Dirac Research, the Sweden-based developer of the digital sound optimization technology—including the Dirac Live room-correction system used in pro and consumer gear from Arcam, Emotiva, Harman, Pioneer, Oppo, Theta Digital and others—says it will demonstrate a “breakthrough” in 3D audio for augmented and virtual reality at CES, which opens in Las Vegas in two weeks.
To make the AR/VR audio experience more realistic, the company’s Dynamic 3D Audio AR/VR platform uses patent-pending dynamic HRTFs (head-related transfer functions) that consider isolated movements of the head in relation to the torso, which is contrary to industry-standard HRTFs that assume the body and head always move in tandem.
“Simultaneous visual and aural immersion is the linchpin of a true virtual reality experience,” explained Dr.
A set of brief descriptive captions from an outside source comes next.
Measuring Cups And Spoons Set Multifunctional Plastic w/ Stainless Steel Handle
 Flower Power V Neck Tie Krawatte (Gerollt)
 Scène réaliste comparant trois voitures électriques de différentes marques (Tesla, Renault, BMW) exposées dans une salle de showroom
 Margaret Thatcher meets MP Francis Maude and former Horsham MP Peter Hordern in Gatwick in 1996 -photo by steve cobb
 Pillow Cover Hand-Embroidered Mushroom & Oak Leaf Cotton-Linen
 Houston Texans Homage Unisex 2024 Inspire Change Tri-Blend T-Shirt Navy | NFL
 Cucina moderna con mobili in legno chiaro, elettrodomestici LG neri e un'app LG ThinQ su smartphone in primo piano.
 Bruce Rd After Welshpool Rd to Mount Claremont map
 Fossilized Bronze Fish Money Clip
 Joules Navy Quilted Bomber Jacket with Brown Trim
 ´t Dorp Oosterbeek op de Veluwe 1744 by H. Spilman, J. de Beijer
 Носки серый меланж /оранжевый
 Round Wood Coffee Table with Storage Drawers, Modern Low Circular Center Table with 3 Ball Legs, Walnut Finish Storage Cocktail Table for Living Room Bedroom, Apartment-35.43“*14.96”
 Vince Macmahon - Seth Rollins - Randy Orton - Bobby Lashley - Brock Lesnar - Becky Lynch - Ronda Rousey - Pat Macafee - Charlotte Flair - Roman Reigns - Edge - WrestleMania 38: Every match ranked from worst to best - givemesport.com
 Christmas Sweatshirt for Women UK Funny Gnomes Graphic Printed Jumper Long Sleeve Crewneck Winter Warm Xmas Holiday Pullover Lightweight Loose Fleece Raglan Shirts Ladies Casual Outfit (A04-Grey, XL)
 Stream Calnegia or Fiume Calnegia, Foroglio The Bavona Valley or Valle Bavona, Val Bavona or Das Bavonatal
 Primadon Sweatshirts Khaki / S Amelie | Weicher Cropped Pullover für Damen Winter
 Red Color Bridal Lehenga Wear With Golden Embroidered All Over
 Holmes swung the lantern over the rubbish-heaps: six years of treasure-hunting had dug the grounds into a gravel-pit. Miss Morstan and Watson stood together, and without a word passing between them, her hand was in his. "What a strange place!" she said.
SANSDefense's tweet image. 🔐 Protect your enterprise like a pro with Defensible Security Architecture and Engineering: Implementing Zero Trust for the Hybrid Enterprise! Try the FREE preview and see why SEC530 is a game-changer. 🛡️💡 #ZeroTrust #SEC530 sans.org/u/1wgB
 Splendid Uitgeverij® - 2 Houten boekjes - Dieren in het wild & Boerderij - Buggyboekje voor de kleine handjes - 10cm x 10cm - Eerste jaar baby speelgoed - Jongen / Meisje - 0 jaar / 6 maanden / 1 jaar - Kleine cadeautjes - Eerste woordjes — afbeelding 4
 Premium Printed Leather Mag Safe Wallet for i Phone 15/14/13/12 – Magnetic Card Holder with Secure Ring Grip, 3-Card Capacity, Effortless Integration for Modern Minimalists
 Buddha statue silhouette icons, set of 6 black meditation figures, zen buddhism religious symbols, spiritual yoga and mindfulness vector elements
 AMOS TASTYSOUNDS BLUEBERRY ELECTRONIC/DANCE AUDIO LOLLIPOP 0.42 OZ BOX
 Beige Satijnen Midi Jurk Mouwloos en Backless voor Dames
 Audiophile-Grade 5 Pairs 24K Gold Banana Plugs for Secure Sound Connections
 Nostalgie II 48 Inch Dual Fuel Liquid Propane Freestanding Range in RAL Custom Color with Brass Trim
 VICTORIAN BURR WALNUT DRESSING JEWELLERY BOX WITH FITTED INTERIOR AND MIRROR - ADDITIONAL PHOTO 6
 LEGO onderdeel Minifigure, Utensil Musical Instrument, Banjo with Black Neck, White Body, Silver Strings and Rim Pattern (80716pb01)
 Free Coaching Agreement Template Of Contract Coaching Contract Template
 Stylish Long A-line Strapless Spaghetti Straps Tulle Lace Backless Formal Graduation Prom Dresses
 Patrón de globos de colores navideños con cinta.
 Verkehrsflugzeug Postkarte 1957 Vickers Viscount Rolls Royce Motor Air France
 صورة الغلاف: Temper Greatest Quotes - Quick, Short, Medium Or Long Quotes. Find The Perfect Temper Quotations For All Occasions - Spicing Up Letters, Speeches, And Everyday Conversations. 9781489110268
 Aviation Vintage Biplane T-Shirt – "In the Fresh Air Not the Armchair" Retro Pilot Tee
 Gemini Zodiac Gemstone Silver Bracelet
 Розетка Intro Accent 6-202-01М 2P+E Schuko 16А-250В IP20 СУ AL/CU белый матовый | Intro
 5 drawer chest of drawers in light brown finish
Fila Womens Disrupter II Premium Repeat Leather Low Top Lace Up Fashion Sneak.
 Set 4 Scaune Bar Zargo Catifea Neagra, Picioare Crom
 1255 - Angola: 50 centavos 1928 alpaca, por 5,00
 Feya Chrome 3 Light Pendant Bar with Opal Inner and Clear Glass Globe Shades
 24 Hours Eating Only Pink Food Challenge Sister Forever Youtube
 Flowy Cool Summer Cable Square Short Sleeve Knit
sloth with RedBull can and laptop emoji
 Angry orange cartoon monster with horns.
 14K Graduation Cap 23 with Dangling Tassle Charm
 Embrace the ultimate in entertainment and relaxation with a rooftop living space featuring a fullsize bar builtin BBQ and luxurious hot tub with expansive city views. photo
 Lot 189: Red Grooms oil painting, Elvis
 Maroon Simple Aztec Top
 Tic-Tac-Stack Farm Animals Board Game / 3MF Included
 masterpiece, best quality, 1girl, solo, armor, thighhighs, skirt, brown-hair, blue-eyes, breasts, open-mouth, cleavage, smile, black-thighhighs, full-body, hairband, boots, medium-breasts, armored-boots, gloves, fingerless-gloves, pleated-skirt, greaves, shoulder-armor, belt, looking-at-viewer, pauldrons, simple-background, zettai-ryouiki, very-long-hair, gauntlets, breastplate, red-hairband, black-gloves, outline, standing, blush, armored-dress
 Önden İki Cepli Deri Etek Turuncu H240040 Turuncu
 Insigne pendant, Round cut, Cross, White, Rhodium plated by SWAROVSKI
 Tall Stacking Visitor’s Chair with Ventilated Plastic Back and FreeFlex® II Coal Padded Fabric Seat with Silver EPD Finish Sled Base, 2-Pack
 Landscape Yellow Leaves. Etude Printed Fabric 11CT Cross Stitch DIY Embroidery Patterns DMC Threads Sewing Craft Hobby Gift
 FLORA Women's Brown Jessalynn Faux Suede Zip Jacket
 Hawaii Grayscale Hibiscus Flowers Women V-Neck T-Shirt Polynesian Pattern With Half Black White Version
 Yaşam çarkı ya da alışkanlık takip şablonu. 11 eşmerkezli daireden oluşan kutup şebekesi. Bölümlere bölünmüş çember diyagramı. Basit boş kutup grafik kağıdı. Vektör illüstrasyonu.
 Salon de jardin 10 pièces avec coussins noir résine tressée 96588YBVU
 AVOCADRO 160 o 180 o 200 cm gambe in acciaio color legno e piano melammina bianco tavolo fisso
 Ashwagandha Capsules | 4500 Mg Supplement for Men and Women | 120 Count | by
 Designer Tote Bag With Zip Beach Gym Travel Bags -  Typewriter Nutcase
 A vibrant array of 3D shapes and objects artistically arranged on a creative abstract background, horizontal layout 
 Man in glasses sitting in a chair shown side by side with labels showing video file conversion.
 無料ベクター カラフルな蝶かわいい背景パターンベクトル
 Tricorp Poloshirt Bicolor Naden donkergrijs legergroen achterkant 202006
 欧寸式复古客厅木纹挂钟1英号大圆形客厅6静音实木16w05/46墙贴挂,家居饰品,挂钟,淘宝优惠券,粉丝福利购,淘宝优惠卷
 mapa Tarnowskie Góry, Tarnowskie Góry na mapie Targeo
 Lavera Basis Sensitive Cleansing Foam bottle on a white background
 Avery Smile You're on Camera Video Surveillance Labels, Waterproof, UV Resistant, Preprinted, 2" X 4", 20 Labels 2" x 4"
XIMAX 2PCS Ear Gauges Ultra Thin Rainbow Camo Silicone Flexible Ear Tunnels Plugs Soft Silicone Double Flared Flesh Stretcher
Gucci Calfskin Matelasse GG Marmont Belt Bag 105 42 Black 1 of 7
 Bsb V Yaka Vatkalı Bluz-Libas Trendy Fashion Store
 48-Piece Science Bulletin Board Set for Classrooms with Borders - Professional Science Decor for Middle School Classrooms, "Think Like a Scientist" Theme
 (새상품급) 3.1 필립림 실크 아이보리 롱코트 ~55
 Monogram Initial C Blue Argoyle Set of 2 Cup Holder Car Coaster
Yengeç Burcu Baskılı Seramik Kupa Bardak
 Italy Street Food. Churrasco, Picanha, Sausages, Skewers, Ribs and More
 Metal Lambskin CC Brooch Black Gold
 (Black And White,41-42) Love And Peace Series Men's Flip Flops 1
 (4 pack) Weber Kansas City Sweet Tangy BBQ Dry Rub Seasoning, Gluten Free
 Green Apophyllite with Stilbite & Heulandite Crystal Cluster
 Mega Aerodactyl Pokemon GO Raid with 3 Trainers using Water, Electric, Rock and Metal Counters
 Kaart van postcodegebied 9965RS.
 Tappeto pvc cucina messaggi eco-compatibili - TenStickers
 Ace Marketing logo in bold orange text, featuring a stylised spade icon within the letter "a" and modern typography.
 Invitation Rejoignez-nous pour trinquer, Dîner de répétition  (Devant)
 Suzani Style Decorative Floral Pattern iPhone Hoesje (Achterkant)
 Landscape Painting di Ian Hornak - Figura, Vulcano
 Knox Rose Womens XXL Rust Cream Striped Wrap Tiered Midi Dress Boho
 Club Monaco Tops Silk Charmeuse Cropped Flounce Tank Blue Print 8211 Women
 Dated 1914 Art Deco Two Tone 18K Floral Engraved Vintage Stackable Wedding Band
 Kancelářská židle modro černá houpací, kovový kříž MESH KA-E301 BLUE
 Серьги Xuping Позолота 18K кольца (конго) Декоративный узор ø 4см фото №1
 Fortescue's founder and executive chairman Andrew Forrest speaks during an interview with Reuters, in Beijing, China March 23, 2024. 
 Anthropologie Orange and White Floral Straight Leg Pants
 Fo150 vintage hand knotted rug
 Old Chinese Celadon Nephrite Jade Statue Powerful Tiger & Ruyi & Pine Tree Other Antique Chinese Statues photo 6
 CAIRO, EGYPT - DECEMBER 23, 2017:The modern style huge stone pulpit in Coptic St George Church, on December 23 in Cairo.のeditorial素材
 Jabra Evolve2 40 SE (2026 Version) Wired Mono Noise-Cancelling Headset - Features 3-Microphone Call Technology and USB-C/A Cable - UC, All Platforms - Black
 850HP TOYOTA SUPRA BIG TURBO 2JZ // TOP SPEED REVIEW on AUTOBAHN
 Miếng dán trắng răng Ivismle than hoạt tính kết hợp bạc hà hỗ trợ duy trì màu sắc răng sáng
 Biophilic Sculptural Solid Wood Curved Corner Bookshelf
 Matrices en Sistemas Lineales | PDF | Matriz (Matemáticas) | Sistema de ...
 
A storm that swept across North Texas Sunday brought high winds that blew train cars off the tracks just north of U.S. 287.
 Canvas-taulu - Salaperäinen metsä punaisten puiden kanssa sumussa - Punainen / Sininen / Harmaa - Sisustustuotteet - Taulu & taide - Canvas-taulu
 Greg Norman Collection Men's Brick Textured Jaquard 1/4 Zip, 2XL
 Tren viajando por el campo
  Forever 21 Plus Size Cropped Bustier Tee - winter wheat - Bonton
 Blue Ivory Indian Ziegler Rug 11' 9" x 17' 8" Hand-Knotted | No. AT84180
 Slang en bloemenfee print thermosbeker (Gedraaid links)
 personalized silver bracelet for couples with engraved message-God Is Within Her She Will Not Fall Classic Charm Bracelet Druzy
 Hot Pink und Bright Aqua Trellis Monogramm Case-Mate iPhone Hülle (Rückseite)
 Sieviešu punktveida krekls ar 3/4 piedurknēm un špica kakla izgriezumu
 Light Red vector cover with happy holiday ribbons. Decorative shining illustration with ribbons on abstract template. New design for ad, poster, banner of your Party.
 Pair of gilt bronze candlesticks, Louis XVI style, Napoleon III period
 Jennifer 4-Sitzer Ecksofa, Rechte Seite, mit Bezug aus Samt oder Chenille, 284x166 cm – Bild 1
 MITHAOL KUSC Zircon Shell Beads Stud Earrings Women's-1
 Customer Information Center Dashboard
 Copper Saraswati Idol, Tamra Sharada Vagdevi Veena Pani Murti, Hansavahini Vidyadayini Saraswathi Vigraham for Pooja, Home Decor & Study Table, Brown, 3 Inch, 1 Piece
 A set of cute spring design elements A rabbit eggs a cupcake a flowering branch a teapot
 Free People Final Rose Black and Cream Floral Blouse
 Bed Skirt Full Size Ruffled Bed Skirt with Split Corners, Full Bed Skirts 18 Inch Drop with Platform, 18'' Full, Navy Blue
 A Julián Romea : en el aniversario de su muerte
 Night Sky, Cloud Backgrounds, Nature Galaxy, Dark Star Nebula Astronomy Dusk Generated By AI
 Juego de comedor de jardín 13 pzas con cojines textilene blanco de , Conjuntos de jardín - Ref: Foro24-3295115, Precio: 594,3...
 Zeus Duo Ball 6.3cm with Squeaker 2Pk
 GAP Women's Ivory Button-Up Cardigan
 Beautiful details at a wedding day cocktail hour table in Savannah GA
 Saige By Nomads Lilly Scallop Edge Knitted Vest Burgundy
Mathias Johansson, founder and CEO of Dirac. “It’s what separates reality, experienced virtually, from an obvious representation of such. Until today, the limitations of the 3D audio technology used in VR/AR programming have prevented this true immersion from being created, rendering a gaming, entertainment, or educational VR experience that is fundamentally flawed…With Dynamic 3D Audio, these limitations no longer exist…
“If a phone rings to my left, its sound waves enter my left ear a fraction of a second before my right, and the sound bounces off my shoulders and head in various ways that allows my brain to localize the sound and instinctively rotate my head alone to face its source,” Johansson said, explaining how the development of dynamic HRTFs is central to achieving simultaneous visual and aural immersion. “The failure to accurately reproduce dynamic head movements in virtual reality is one of the reasons why existing 3D sound solutions don’t sound quite realistic.”
But the torso-head dilemma isn’t the only limitation addressed by Dirac’s Dynamic 3D Audio system. HRTFs are a function of how the ear perceives a particular sound from a point in space. Height, cranial proportions, and ear dimensions all play a role in one’s unique HRTF. To create a completely immersive 3D audio experience using the industry standard relies on using the “individualized” HRTF measurement of each listener—a time-consuming and laborious process that is ultimately impractical.
To overcome this roadblock, Dirac has developed an HRTF measurement process that is “exponentially more free from noise and error compared to existing approaches,” Johansson explained. When this measurement process is combined with dynamic HRTFs, “the benefits of individualization become virtually immaterial and ultimately obsolete,” he said.